Met de [MODE]-toets kan een modus worden geselecteerd, zoals hieronder staat beschreven.
Belangrijk!
De volgende beschrijving is een algemene beschrijving van de modi van de wetenschappelijke rekenmachine. Het kan zijn dat niet alle modi die hier worden beschreven op uw rekenmachine beschikbaar zijn.
1) Berekeningsmodi Voordat u een berekening gaat uitvoeren, moet u eerst de desbetreffende berekeningsmodus selecteren.
SD: statistische berekeningen met één variabele
(voorbeeld standaarddeviatie, enzovoort)
LR of REG: statistische berekeningen met gekoppelde variabele
(lineaire regressie statistische berekeningen, enzovoort)
BASE of BASE-n: berekeningen in het binaire, octale, decimale, hexadecimale getalsysteem
MAT of MATRIX: matrixberekeningen (determinanten, enzovoort)
VCT of VECTOR: vectorberekeningen
EQN: vergelijkingen tot de n-de graad, gelijktijdige vergelijkingen
TABLE: genereren van een getaltabel op basis van een of twee functies
2) Weergave-instellingen
Met deze instellingen kunt u opgeven hoe de resultaten van berekeningen worden weergegeven.

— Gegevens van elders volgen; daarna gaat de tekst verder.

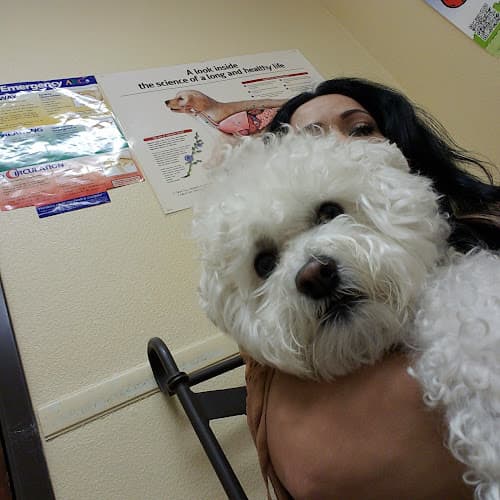 Dog day care center All Creatures Animal Hospital and Luxury Boarding Suites Temecula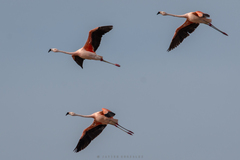 Phoenicopterus chilensis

Het wijzigen van de Fix- en Sci-instellingen heeft geen effect op de resultaten van interne berekeningen.
Norm: exponentieel weergaveformaat en annuleert de geconfigureerde Fix- en Sci-instellingen.
Fix: specificeert een vast aantal cijfers achter de decimale komma.
Sci: specificeert een vast aantal significante cijfers.
3) Instelling van de hoekeenheid
(90°=π/2 radialen=100 gradiënten)
Deg: Degree (Graden)
Rad: Radian (Radialen)
Gra: Grads (Gradiënten)
4) Engineering-modus
Gebruik deze modus wanneer u met behulp van ingenieursymbolen berekeningen wilt invoeren en uitvoeren.